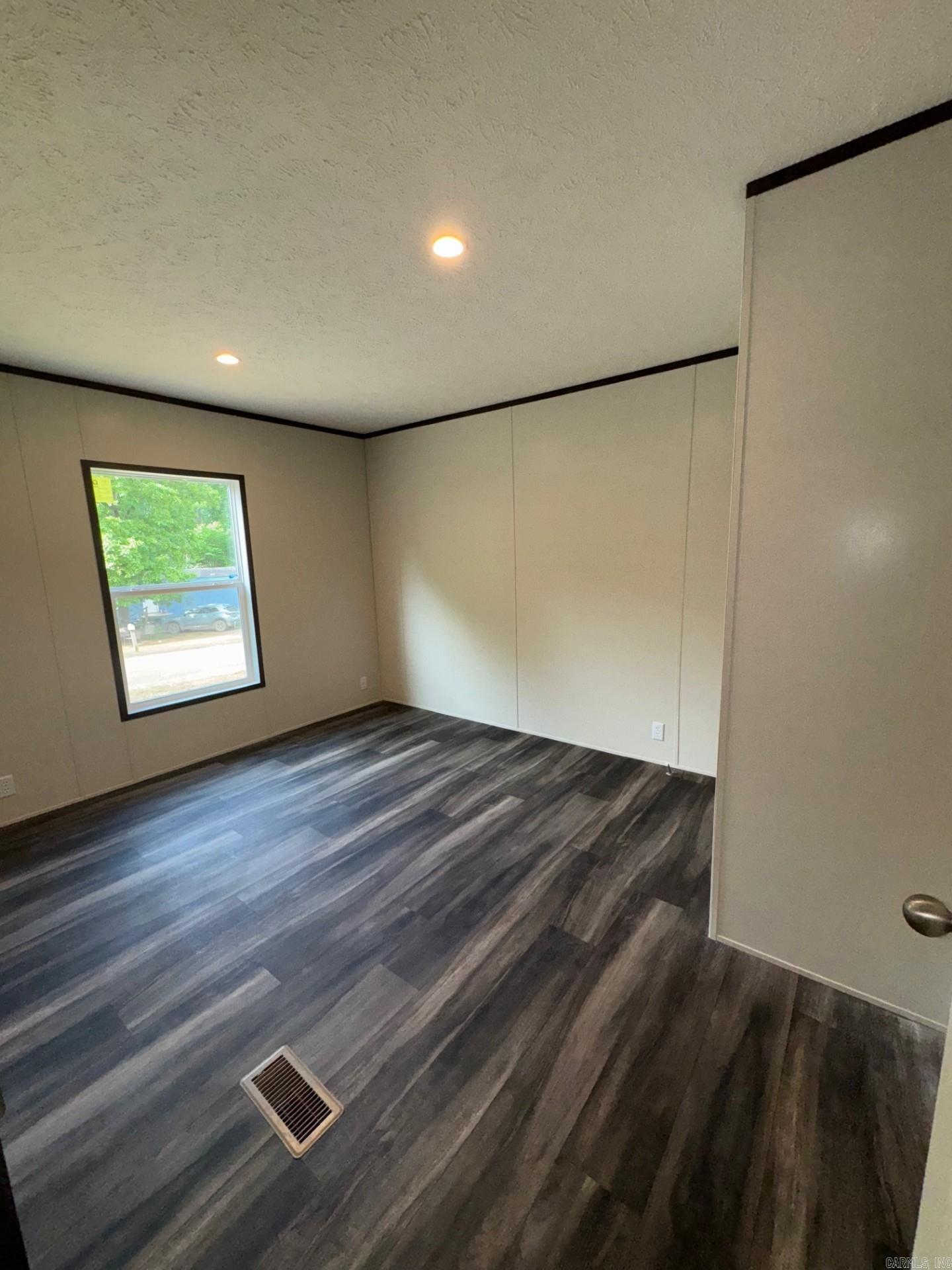 137 Parkshores circle  Hot Springs, AR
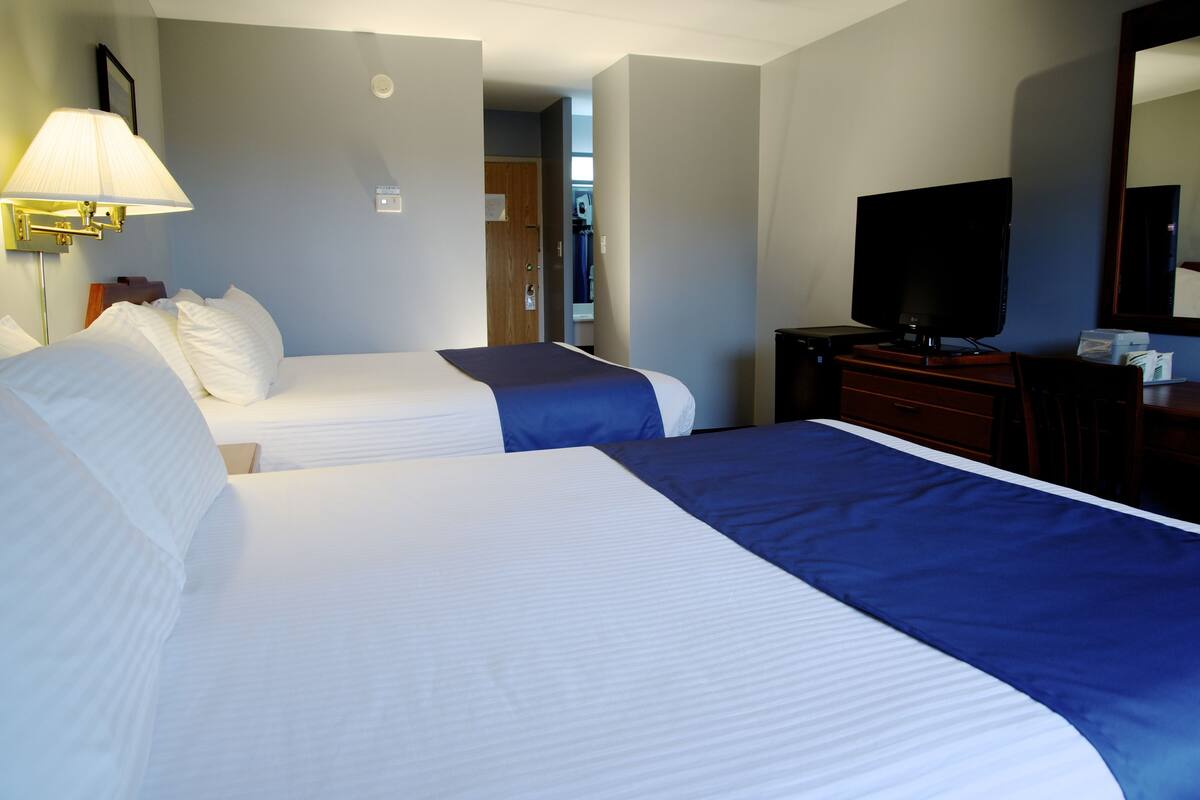 1 bedroom, premium bedding, desk, soundproofing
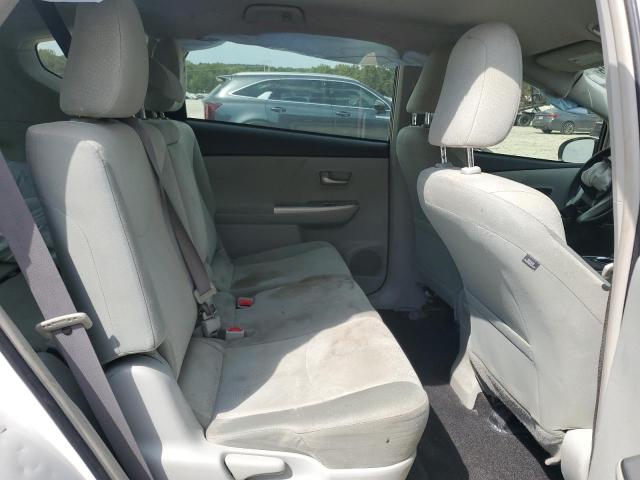 Photo 11 from auction – 2014 TOYOTA PRIUS V with VIN JTDZN3EU8E3301370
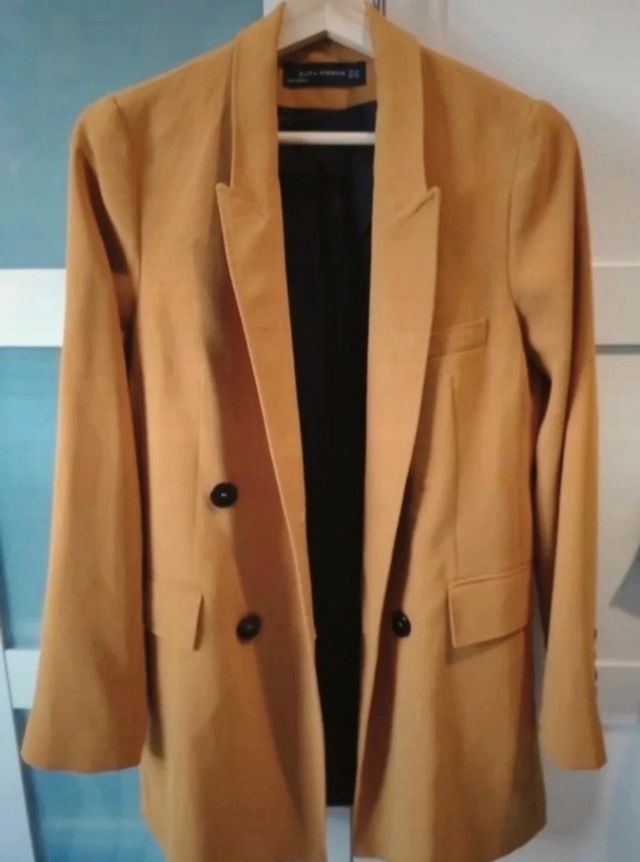 Preciosa americana larga color mostaza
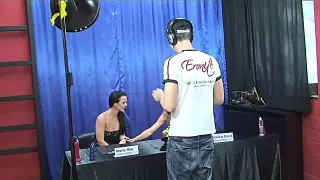 Heiße Lesben hinter den Kulissen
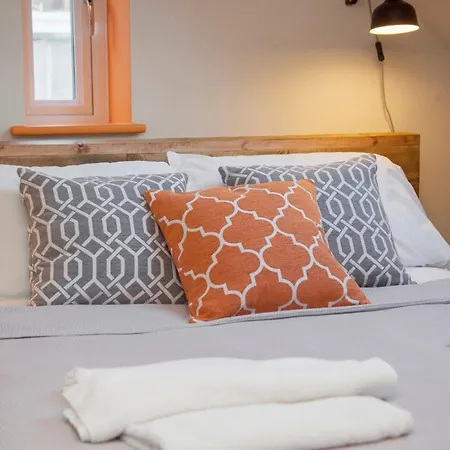 Higgihaus #3b 2-3 Bed Small Groups Hip Location Sleeps 4-8 Bristol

☆ ☆ ☆ ☆

Exercise requirements
Lines from the one that contains "Preciosa americana larga color mostaza" through the last line of the data above are to be extracted exactly, with no pictures and no other lines.

Written answer
 Preciosa americana larga color mostaza
 Heiße Lesben hinter den Kulissen
 Higgihaus #3b 2-3 Bed Small Groups Hip Location Sleeps 4-8 Bristol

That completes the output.